LONDON (Reuters) - Copper prices slipped to their lowest level in more than a week on Monday, pressured by a firm dollar and persistent concerns about the outlook for demand from top consumer China.
Benchmark three-month copper on the London Metal Exchange was untraded at the close, but bid at $8,180, down from Friday’s close of $8,295. Earlier, the metal used in power and construction touched its lowest since late September at $8,128.
“Over the last few weeks copper prices increased due to financial support from QE3 and not from fundamentals. A correction was overdue and we think there is scope for copper to move down to around $7,800 - its 200 day moving average,” said Gianclaudio Torlizzi, partner at T-Commodity.
“We need to have a clearer picture on the manufacturing sector (in China) and that will be crucial in order to provide direction for copper.”
Copper has risen around 8 percent since the start of September and touched a 4-1/2 month peak of $8,422, fuelled by a third round of quantitative easing (QE3) by the U.S. Federal Reserve, the promise of bond buying by the European Central Bank (ECB) and stimulus measures in Japan and China.
The World Bank earlier cut its economic forecasts for the East Asia and Pacific region, saying the slowdown in China could get worse and last longer than expected, sparking renewed debate over a sharp decline in growth in the world’s second largest economy.
China is the world’s top consumer of copper, with demand from the country representing around 40 percent of global refined copper consumption.
Investors will eye China’s third quarter growth data at the end of next week, which analysts expect to show the weakest three months of the year.
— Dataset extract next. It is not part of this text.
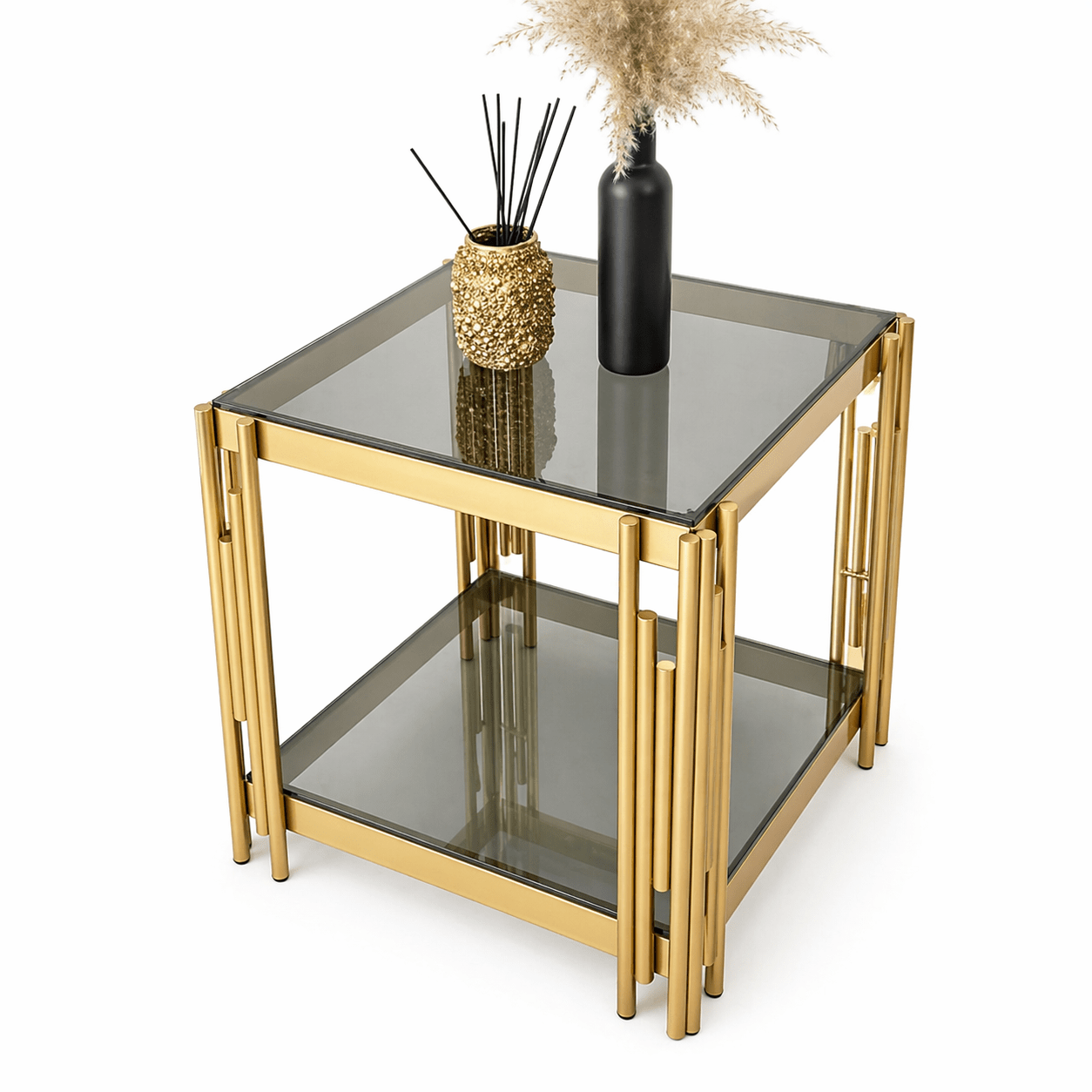 Gold Side 2 - Tier Table With Glass Top - Dhanaks Decor Table Dhanaks Decor Gold Side 2 - Tier Table With Glass Top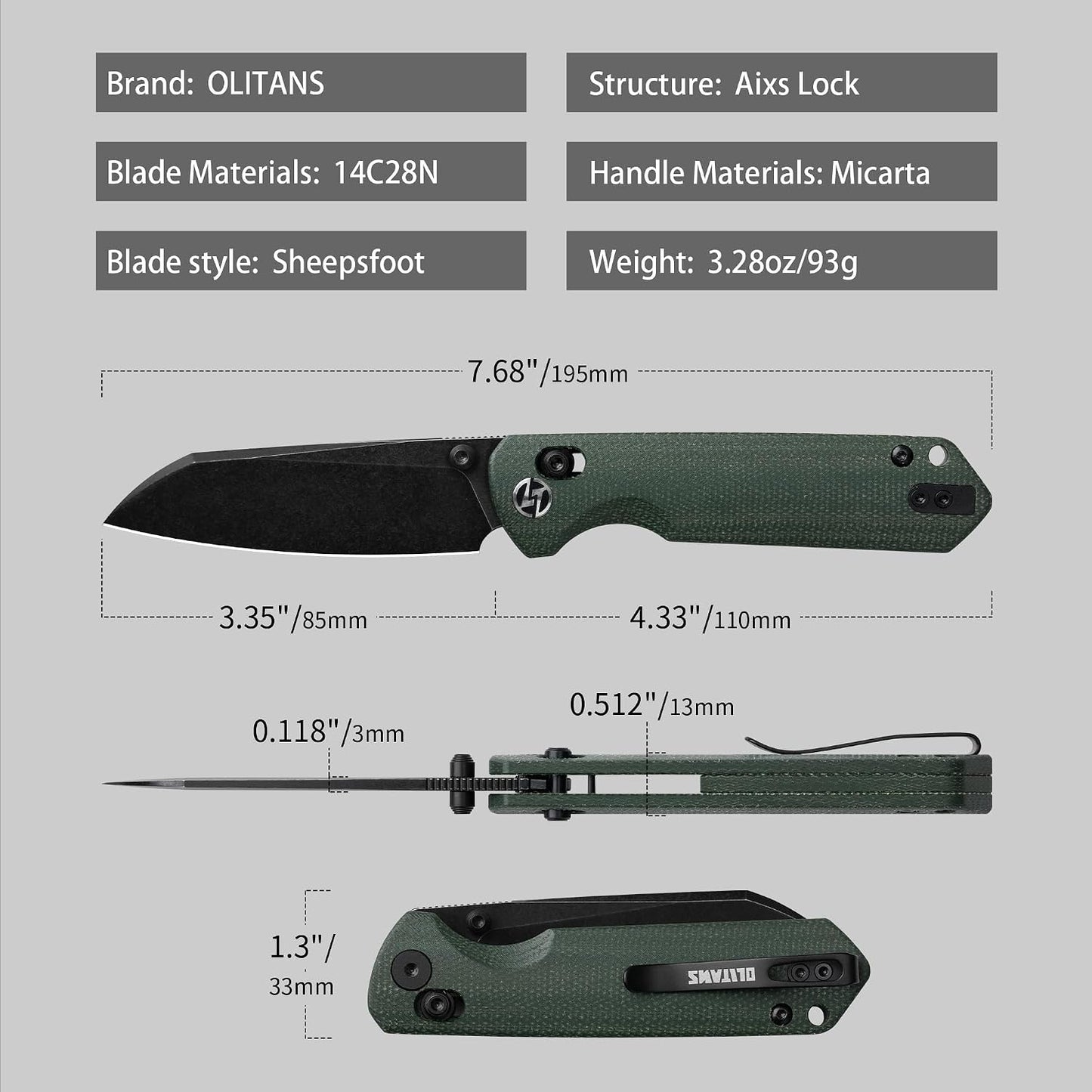 Cuchillo EDC acero 14c28n bloqueo barra verde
China is also expected to announce export-import data for September on Saturday.
Adding pressure to metals prices was a fall in the euro against the dollar, as investors grew cautious ahead of the third-quarter earnings season.
Also weighing was uncertainty over the timing of a Spanish bailout request, with little progress expected from a meeting of euro zone finance ministers later on. <EUR/>
A weak euro makes dollar-priced metal more costly for European and other non-U.S. investors.
The dollar rallied on Friday after data showed the U.S. unemployment rate fell to a near four-year low in September, though the numbers also sparked worries that the Federal Reserve’s quantitative easing programme might end prematurely.
BNP Paribas analyst Stephen Briggs said other payrolls concerns might also be dogging metals. “Realistically there’s a lot of question marks around that drop in the unemployment rate, it may indicate some statistical anomalies,” he said.
“We’re in a risk off day, it’s not anything very specific to base metals, we’ve had a pretty good run since early August so it was always likely we were going to get a correction.”
National holidays in Japan and the United States on Monday were expected to limit trading activity.
In China, traders returned to the market from a week-long national holiday to find few signs of demand improving.
“Investors are dismayed by sluggish downstream demand in China. In copper, spot prices are still trading at a large discount to prompt-month futures. If this continues, there may be more downside room to copper futures,” said Orient Futures Derivatives Director Andy Du.
Chinese prices of spot copper were trading at a discount of 150 yuan per tonne to the ShFE front-month October contract by the session close, pointing to still weak consumer demand. Spot aluminium, zinc and lead were also trading lower than their Shanghai front-month futures.
Soldering material tin ended at $22,100, down from Friday’s close of $22,400, with the premium for cash tin easing versus the benchmark price, indicating nearby supplies are improving.
Zinc - used in galvanizing - ended at $2,035, from $2,075, having earlier touched its lowest since mid-September at $2,034.
Battery material lead ended at $2,260 a tonne, from $2,288 a tonne on Friday, despite a large drop in LME lead stocks of 3,225 tonnes, bringing closing stocks to a paltry 251,350 tonnes.
Aluminium slipped to $2,081.75 from $2,100, earlier touching its lowest in more than a week at $2,071.
Stainless-steel ingredient nickel was untraded in rings, but bid at $18,070 from Friday’s close of $18,300. It earlier hit its lowest level in more than a week at $17,950.